The next most severe step is a complete reinstall of your operating system. Most people would prefer to avoid this, as it involves re-setting up the system in its entirety, including reinstalling any software you had been using, reconfiguring everything . . . it’s a pain. However, this is the only action short of purchasing a new computer which is virtually guaranteed to eliminate any malware. (One does read about super-sneaky malware that hides in disk controller firmware and such . . . those would not be eliminated, but they also do not seem to be common.)

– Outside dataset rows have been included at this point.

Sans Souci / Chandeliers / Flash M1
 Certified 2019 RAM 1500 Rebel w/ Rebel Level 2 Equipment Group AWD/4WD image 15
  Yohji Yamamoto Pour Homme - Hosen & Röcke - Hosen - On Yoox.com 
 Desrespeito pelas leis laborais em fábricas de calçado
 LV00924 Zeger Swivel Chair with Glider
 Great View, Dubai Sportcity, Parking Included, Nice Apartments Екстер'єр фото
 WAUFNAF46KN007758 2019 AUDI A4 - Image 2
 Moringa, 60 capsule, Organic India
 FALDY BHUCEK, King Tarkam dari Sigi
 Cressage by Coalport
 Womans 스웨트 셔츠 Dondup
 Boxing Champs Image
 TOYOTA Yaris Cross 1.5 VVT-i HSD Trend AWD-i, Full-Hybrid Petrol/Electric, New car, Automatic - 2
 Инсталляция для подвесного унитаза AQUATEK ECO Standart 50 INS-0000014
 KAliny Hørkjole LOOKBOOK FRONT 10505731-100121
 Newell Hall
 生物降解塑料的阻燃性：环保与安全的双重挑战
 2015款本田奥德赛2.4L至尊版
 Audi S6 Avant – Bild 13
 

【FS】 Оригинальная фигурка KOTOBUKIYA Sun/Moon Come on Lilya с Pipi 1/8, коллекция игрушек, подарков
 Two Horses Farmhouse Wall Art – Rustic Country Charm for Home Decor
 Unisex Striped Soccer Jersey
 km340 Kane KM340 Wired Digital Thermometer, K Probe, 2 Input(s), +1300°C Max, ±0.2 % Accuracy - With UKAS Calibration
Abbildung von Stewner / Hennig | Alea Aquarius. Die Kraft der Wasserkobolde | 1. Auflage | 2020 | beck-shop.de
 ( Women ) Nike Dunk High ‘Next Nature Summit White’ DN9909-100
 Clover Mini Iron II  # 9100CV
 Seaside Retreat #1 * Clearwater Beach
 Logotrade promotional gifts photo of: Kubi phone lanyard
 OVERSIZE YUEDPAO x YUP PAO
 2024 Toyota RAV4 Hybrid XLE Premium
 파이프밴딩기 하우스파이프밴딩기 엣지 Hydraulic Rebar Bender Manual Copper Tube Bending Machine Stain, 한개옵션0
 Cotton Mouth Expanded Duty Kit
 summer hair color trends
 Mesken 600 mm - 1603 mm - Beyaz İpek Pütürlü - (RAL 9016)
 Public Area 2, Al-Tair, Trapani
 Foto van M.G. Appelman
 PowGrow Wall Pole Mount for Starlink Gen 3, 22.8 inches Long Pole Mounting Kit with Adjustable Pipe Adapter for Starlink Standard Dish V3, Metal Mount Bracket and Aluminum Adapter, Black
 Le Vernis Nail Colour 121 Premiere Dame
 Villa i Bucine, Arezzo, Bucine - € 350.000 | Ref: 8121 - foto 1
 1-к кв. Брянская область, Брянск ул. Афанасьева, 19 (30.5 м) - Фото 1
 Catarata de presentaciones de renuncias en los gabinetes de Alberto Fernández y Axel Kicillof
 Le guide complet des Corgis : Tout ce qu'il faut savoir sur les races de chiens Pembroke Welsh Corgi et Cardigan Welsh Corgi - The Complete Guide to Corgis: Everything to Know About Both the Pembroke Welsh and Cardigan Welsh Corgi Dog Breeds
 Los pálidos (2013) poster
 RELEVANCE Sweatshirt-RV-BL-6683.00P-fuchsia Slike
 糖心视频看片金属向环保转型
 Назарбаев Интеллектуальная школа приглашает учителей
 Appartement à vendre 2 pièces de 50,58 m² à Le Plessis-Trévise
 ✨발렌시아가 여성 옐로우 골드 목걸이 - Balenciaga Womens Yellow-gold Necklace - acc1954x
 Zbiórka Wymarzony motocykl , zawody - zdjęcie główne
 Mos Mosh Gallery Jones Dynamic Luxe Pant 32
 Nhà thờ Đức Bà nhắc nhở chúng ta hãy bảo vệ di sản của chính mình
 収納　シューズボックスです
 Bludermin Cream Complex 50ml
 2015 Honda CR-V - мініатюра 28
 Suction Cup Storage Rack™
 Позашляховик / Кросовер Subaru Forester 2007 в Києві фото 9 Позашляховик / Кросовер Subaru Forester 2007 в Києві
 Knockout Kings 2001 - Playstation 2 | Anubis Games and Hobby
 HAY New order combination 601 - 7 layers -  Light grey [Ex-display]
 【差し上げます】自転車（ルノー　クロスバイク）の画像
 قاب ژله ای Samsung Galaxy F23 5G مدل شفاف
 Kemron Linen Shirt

Next on the list and less severe than the above would be to roll back the operating system to a previous point in time. On Windows, this is accomplished using System Restore. Assuming your system has been creating restore points, you can tell Windows to roll back to a previous date, which you would select to be one from well before you believe the hacking occurred. This has a decent chance of eliminating the problem. This step may also roll back some changes you made to the system that you still want, but those are probably easily reinstated.
The least severe step, and one which you can take in combination with the rollback step, would be to run a scan of your system to eliminate any known malware. For Windows, I recommend installing and running the free edition of Malwarebytes. Unfortunately, although this is a very effective step to take, there is no guarantee that taking this action will eliminate whatever caused the problem in the first place. That is true even if the malware-eliminating software finds and eliminates some rogue program or programs on your system. It may still have missed the one that caused the problem, and there is no real way to know. The chief advantage of this step is that it makes no substantive changes to your system. That advantage may outweigh the uncertainty issue.
In addition to those steps, you will want to delete from your Amazon inventory any bogus items that hackers may have added.
Be Careful Out There
In order to prevent this issue from recurring in the future, it’s a good idea to practice sound Internet/Amazon hygiene:
Regularly (every two days) check your bank account, credit card, and user permission settings in Seller Central to make sure they have not been changed without your knowledge. Checking these regularly should enable you to report any unexpected changes to Amazon before money is exported from your account to that of a hacker.
Consider dedicating a computer to your sales activities. An old computer with a browser is usually sufficient; there is no great need for speed. (I do not do this due to the inconvenience, but it would provide greater security.)
Don’t open email attachments from people unknown to you.
Don’t open email attachments that appear to be from people known to you if you weren’t expecting them and the accompanying text does not ring true.
Don’t visit sketchy websites, or if you must, do it from a different computer than the one you use for your selling activities.
Don’t install software you don’t need.
Always be skeptical. Emails that in any sense say they want you to log into an account, or whose instructions if followed would result in you doing so, should be regarded with extreme skepticism. If you were to receive, for example, an email purportedly from Amazon.com that asked you to log into your account to check or verify something, do so by going directly to the Amazon (or other website) web address, NOT by clicking a link in the email. That link may take you to a fake website that will steal your login information.
Do not share your login password with anyone who doesn’t really need to know it. If you have people who need to take limited actions on your account, rather than giving them your password use the Seller Central features to create a user account with limited permissions.
Scan your system regularly (monthly, let’s say) with Malwarebytes or some other anti-malware product.
For Windows, make sure System Restore is operating and restore points are being created (a discussion of which is beyond the scope of this writeup). You can’t use them if you don’t have them.